With the algorithm started, we can view the output by either pressing App log
in the same window, or connect with SSH into the device and view the log with
the following command:
tail -f /var/volatile/log/info.log | grep object_detection
Depending on selected chip, different output is received. The label file is used for identifying objects.
In the system log the chip is sometimes only mentioned as a string, they are mapped as follows:
Chips | Larod 1 (int) | Larod 3 (string) |
---|---|---|
CPU with TensorFlow Lite | 2 | cpu-tflite |
Google TPU | 4 | google-edge-tpu-tflite |
Ambarella CVFlow (NN) | 6 | ambarella-cvflow |
ARTPEC-8 DLPU | 12 | axis-a8-dlpu-tflite |
There are four outputs from MobileNet SSD v2 (COCO) model. The number of detections, cLasses, scores, and locations are shown as below. The four location numbers stand for [top, left, bottom, right]. By the way, currently the saved images will be overwritten continuously, so those saved images might not all from the detections of the last frame, if the number of detections is less than previous detection numbers.

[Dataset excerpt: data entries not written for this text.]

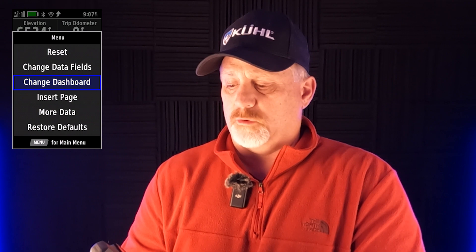Another thing you can do is go up to 'change dashboard.' When I click on that, now it says 'large data field,' 'small data field,' 'satellite status,' etc. Right now I'm on small — I'm going to go up to large. When I hit 'large data field,' you can see now there are only three data fields, and you can customize each one. The top says trip odometer, the middle is speed, and the bottom is moving average.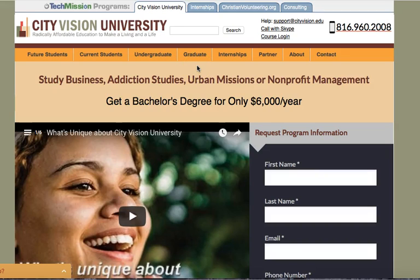This video will show you how to log in to your accounting principles course and create an account on Connect, which is the system that we're using to deliver the course.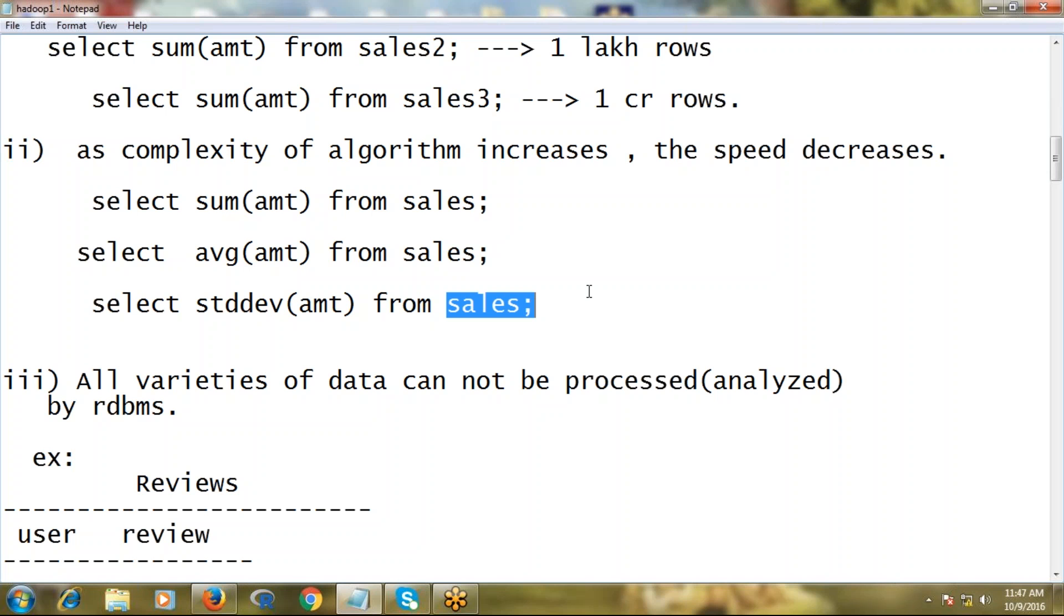If data is unstructured, of course RDBMS is able to store unstructured data like images, unstructured text, audios, videos - anything it can store. But the problem is it cannot analyze the content of that unstructured data. Simple example here.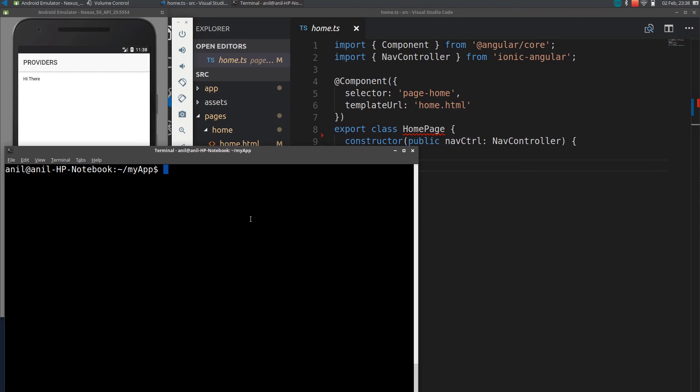Hi guys, in this video I will show you how to add providers to your Ionic project. Providers are normally used to share the data between pages or to add common functionality between your views.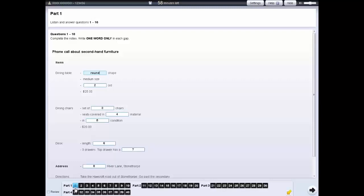You can click on Review if you want to look at the question again later. The question number will be shown as a circle. You can review and change your answers at any time until the end of the test.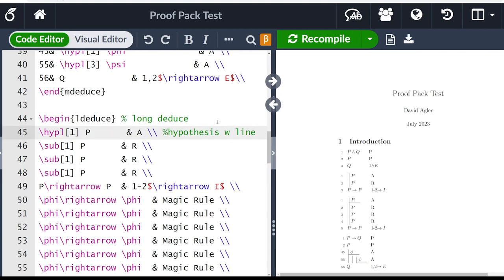So there are plenty of other features of proof pack. But I just wanted to highlight these three main environments in case you are planning on doing your logic homework or just interested in using this package.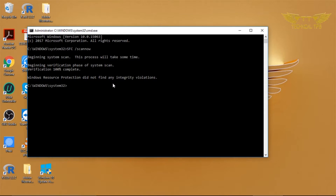There is one more possible result: it may say it found corruption but was not able to fix it. If you are getting a result like that, you will have to run one more command that I will show you on the screen.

[ INFO ] object_detection[645]: Object 1: Classes: 2 car - Scores: 0.769531 - Locations: [0.750146,0.086451,0.894765,0.299347]
[ INFO ] object_detection[645]: Object 2: Classes: 2 car - Scores: 0.335938 - Locations: [0.005453,0.101417,0.045346,0.144171]
[ INFO ] object_detection[645]: Object 3: Classes: 2 car - Scores: 0.308594 - Locations: [0.109673,0.005128,0.162298,0.050947]
The detected objects with a score higher than a threshold are saved into /tmp folder in .jpg form as well.